Well, as cool as it would be to do such a large project, I don’t think many have the time or resources. If someone paid me $5-$10k, sure I couldn’t even make time.

Ah look, the Hovind claims have already been debunked for years: http://www.talkorigins.org/indexcc/list.html

And the entire BioLogos website illustrates how it’s not atheism/evolution vs. creation. If anyone cares to learn otherwise, it’s already been done.


#7

William Dembski of the ID movement had a Darwin doll with its head in a vice.


(Clarke Morledge) #8

Matthew: it is good to have this discussion online, as the only “prebunking” of Eric’s film so far, that I have seen, comes from Paul Ens, Paulogia YouTube channel.

Ens describes himself as a former Christian, and while he is good at engaging the scientific issues, my concern is that his skepticism of Christianity only reinforces the “good guy” (i.e. Eric Hovind style YEC) vs. the “bad guy” (evolution = non-Christian) stereotype.


(Samuel Blair) #9

Stumbled upon this after my son saw the film as part of a youth group he attends. He was not impressed at all, neither by the production value nor the arguments presented. We debriefed on the ride home and he said that the film proposed that there are no scientists simply don’t like the bible.

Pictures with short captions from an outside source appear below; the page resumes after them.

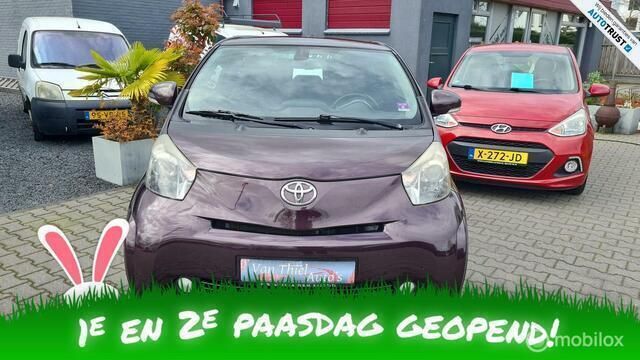 Paars Gebruikt 2009 Toyota iQ Hatchback | € 3.950 (Eerlijke prijs) - Afbeelding 1/4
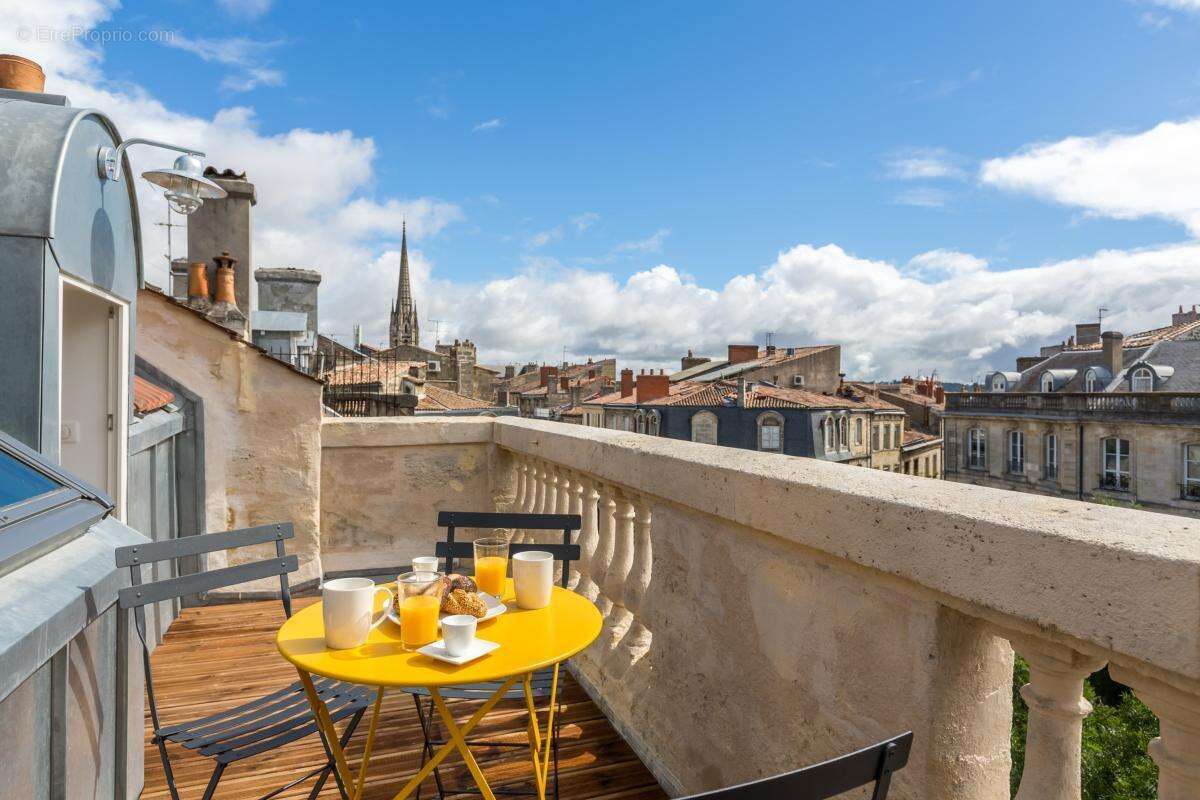 Appartement à BORDEAUX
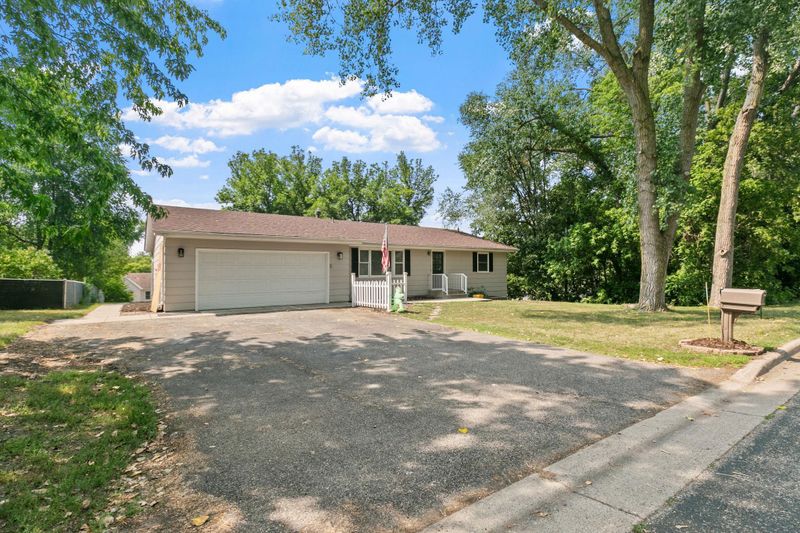 4171 Pleasant St SE, Prior Lake, MN 55372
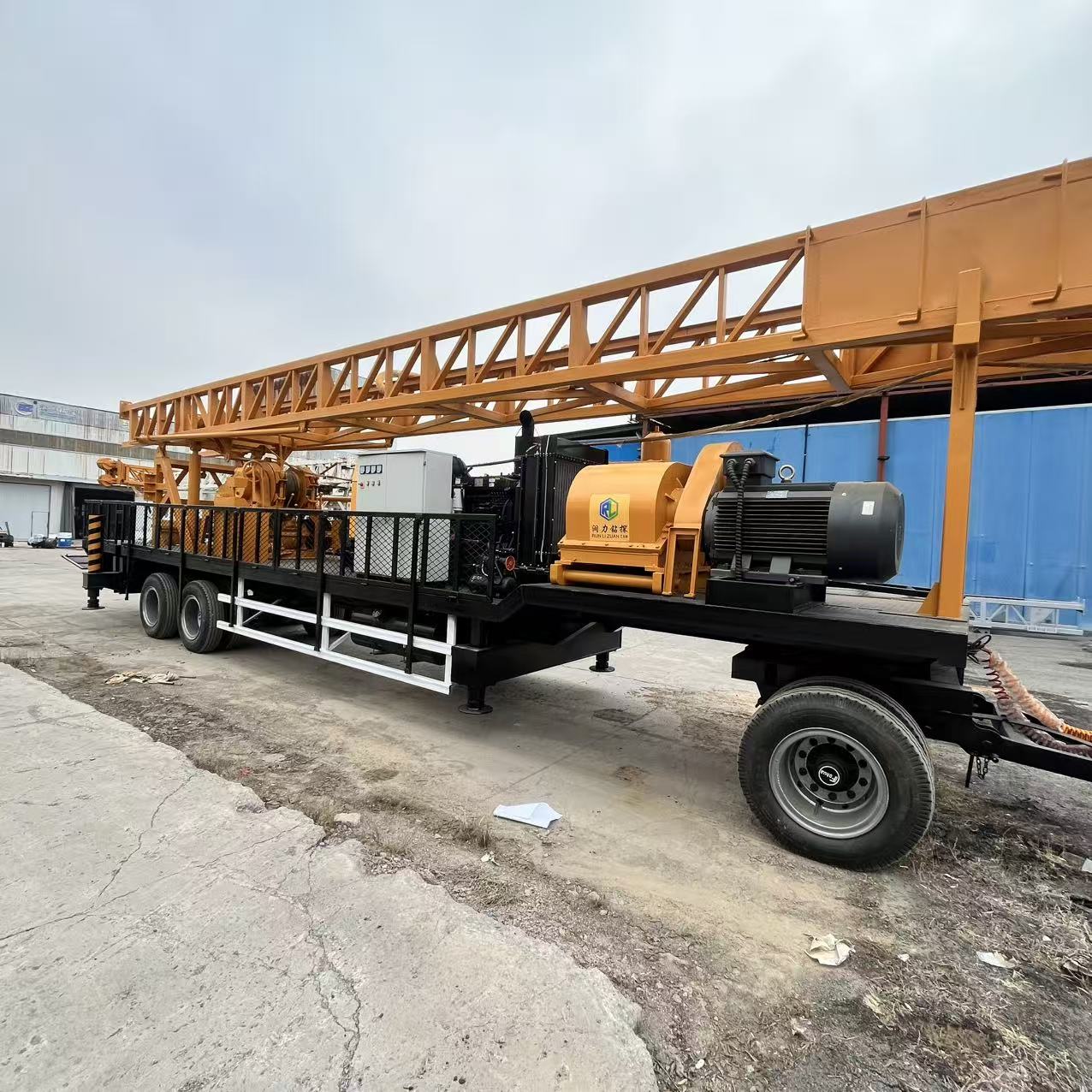 (RL1000) 1000m Depth Fully Hydraulic Diesel Engine Water Pump Borehole Drill Rig Hydraulic Rotary Truck Tractor Mounted Drilling Rig Trailer Drilling Rig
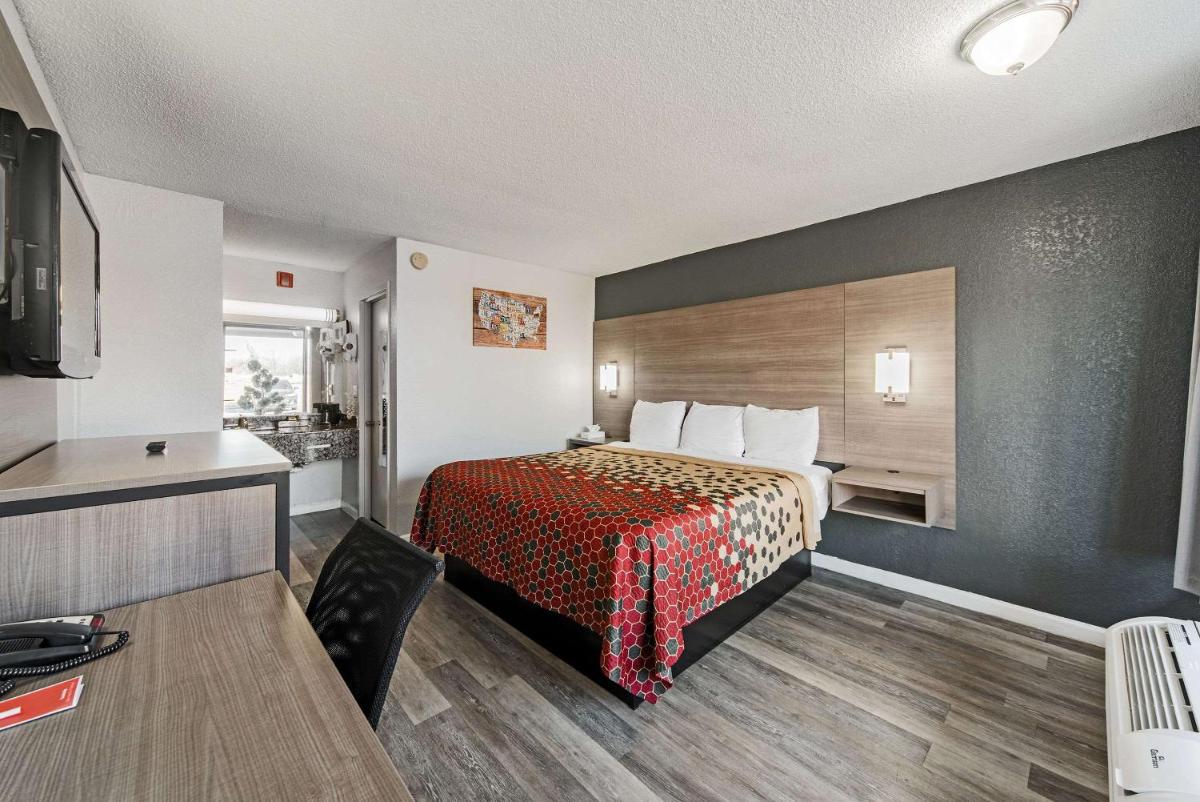 Econo Lodge Inn & Suites Bricktown - image 6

To which he immediately brought up a personal friend of ours who somehow manages to be a scientist and love the bible.

Frankly I was very dismayed with the caricature of science presented as well as the stance presented to children that disbelief in a literal 6 day creation and young earth is tantamount to throwing out the whole bible.

I joked with my friends that some dads get the drug talk or the girl talk, and I get the “you can’t interpret scripture without attention to context and genre” talk.


(Mervin Bitikofer) #10

I share in your concern. I think Christians (more than ex-Christians) need to be busy about holding their own accountable toward truth. I think Paul would be spinning in his grave over the issue of believers being confronted about their falsehoods … not only in front of non-believers, but by non-believers of all things! If Christians can’t get truth and honesty right … that is a travesty to our witness.

All that said, whenever anybody puts forward excellent material – excellent education in truth; I see it all as belonging to Christ anyway whether he is given credit or not. So it doesn’t bother me perhaps quite as much as it might have bothered Paul that ex-Christians or anti-theists also share in a commitment to truth. That is to be celebrated wherever it is found, I think. I’ve learned a quite a lot of good science from many of Dawkins’ excellent writings --if we can’t separate the wheat from the chaff, we are poorer for it.